Notes: Mover – a Machine Learning tool to analyze technical research papers

Reference: Anthony, L., & Lashkia, G. V. (2003). Mover: A machine learning tool to assist in the reading and writing of technical papers. IEEE transactions on professional communication, 46(3), 185-193.

Background:

  • Identifying the structure of text helps in reading and writing research articles.
  • The structure of research article introductions in terms of moves is explained in the CARS model (Ref: J. M. Swales, “Aspects of Article Introductions,” Univ. Aston, Language Studies Unit, Birmingham, UK, Res. Rep. No. 1, 1981.).

Problem:

  • Identifying the moves in a particular type of article.
  • Time-consuming identification of moves by raters (manual annotation) with no immediate feedback.

Purpose:

  • To provide immediate feedback on move structures in the given text.

Method:

  • Using supervised learning to identify moves from 100 IT research article (RA) abstracts.
  • Machine readable abstracts were further pre-processed with subroutines to remove irrelevant characters from raw text.
  • Data labelled based on the modified CARS model which had three main moves with further steps under each move as below: (Ref: L. Anthony, “Writing research article introductions in software engineering: How accurate is a standard model?,” IEEE Trans. Prof. Commun., vol. 42, pp. 38–46, Mar. 1999.)
    1. Establish a territory
      1. Claim centrality
      2. Generalize topics
      3. Review previous research
    2. Establish a niche
      1. Counter claim
      2. Indicate a gap
      3. Raise questions
      4. Continue a tradition
    3. Occupy the niche
      1. Outline purpose
      2. Announce research
      3. Announce findings
      4. Evaluate research
      5. Indicate RA structure

 

  • Supervised Learning System – Implementation details:
    • Bag of clusters representation was implemented:
      • Dividing input text into clusters of 1-5 word tokens to capture key phrases and discourse markers as features.
      • Bag of words model does not consider word order and semantics by splitting input text into word tokens – not useful in the discourse level.
      • E.g. “Once upon a time there were three bears” clusters –> “once”, “upon”, “once upon”, “once upon a time”
      • Not useful clusters (noise) removal using statistical measures – Information Gain (IG) scores used to remove clusters below threshold.
      • ‘Location’ feature added to take note of preceding and later sentences – position index of sentence  in the abstract.
        • Additional training feature for the classifier – probability of common structural step groupings.
    • Naive Bayes learning classifier outperformed other models.
    • Tool available for download as AntMover.

Results:

  • Evaluation of Mover:
    • Training: 554 examples, Test: 138 examples
    • Five fold cross validation, Average accuracy: 68%
    • Classes (steps within the structural moves) with few examples had lower accuracy.
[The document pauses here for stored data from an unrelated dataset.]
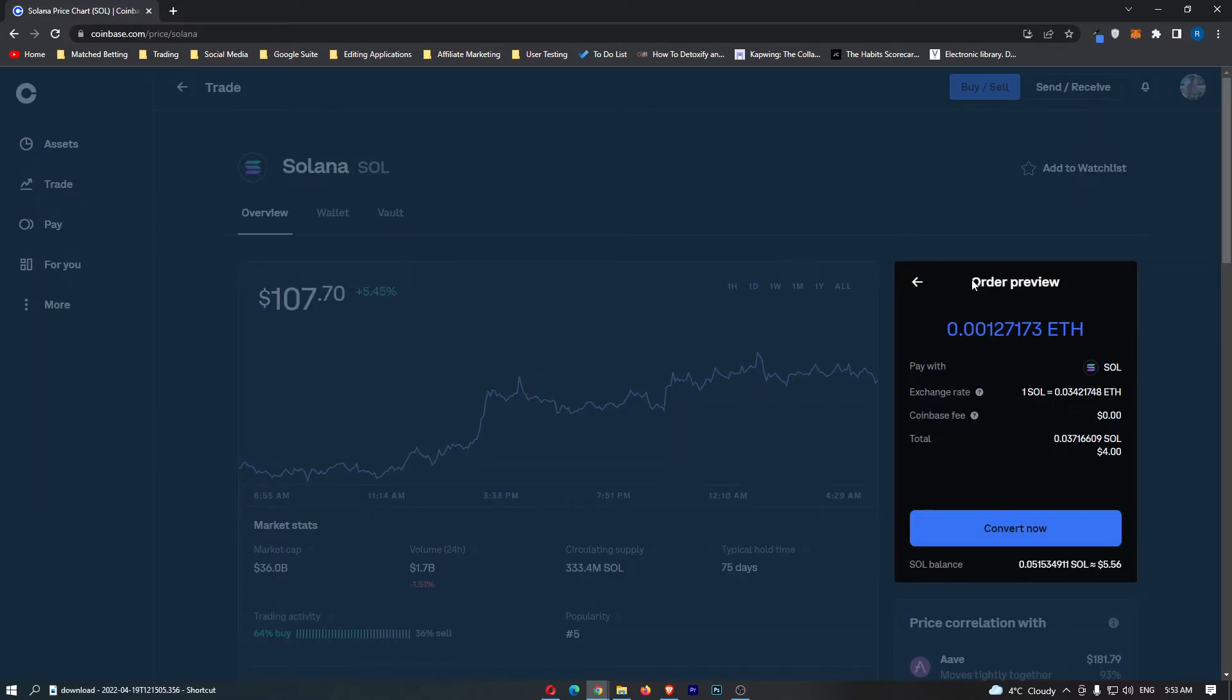It's then going to take you to this order preview screen where it's going to show you the amount of Ethereum you are going to receive.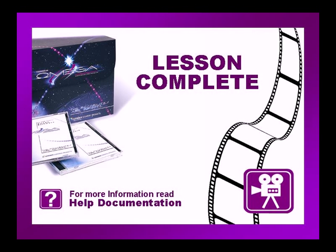This concludes this lesson. Be sure to check if there are any exercises or tip videos associated with this lesson before continuing. For more information on this and other topics, please consult the Omega help file or press F1 in Composer.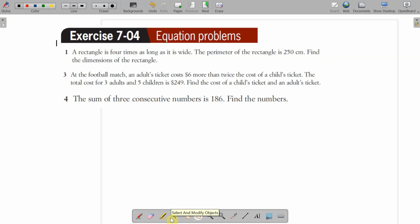Hello U10, welcome to another video. This one is explaining how to do the questions from exercise 704.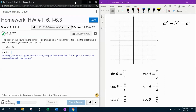Question number 20 from our 1316 homework number one in my lab math. They have given us an ordered pair, 24 comma negative 7, and they want us to find the value of each of the six trigonometric functions of theta.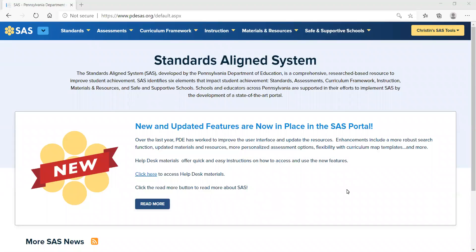In this video, we will be exploring the material and resource section on the Standards Aligned System. To begin, navigate to pdesas.org.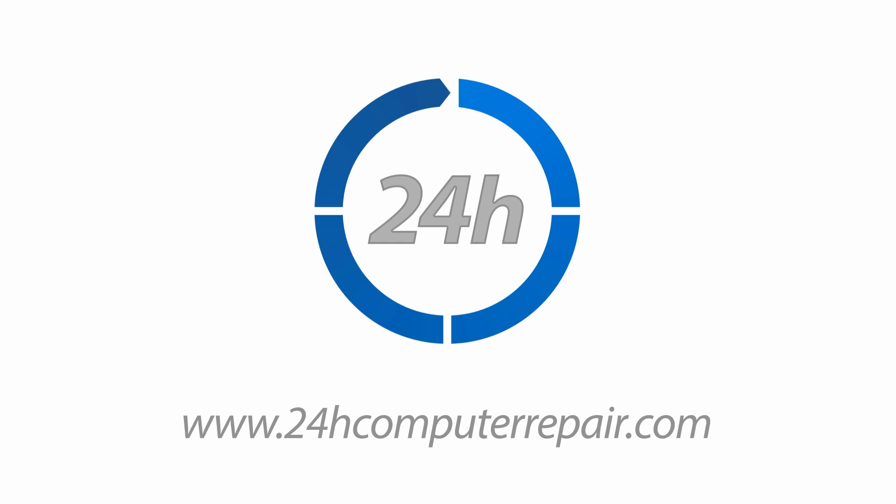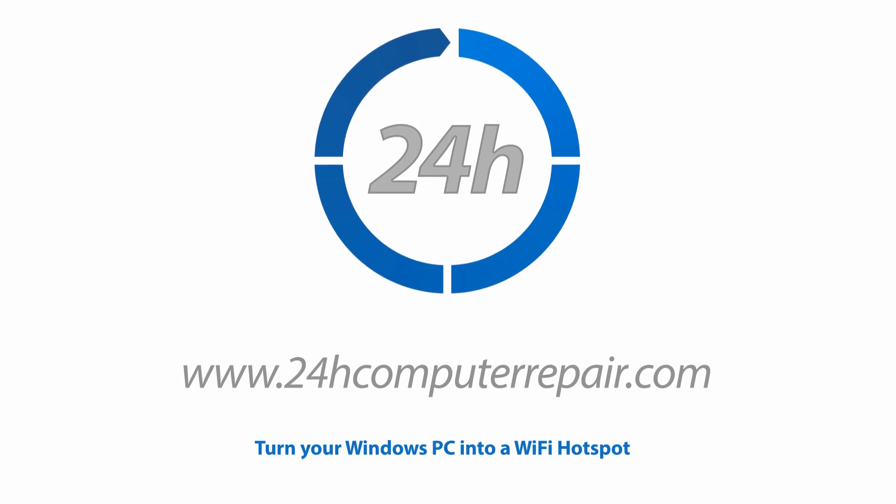Welcome to 24H Computer Repair. Today's topic is, turn your Windows PC into a Wi-Fi hotspot.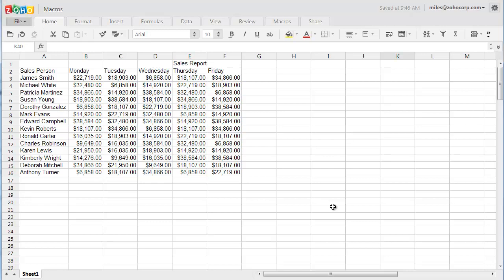You can use a macro to record the sequence of commands you use to perform a certain task. When you run the macro, it plays those exact commands back in the same order, causing the spreadsheet to behave just as if you had entered the commands yourself.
Incorrectly classified steps were mostly from the same move (note similarity among 3.1, 3.2. 3.3)
    • Features to improve accuracy:
      • When two most likely decisions are used (instead of predicting only one class) using the Naive Bayes probabilities, accuracy increased to 86%.
      • Flow optimization effectiveness improved accuracy by 2%.
      • Manual correction of steps adding new training data (second opinion of students on the moves classified by the system used for retraining the model).

Discussion:

  • Based on two practical applications in classroom, the usage of ‘Mover’ assisted students to
    • identify unnoticed moves in manual analysis.
    • analyze moves much faster than manual analysis.
    • better understand own writing and prevent distorted views.
  • Implications:
    • Important vocabulary can be identified for teaching from the ordered cluster of words.
    • Trained examples can be used as exemplars.
    • Aid for immediate analysis of text structure.
  • Future Work:
    • Increasing the accuracy of Mover.
    • Expanding to more fields – currently implemented for engineering and science text types.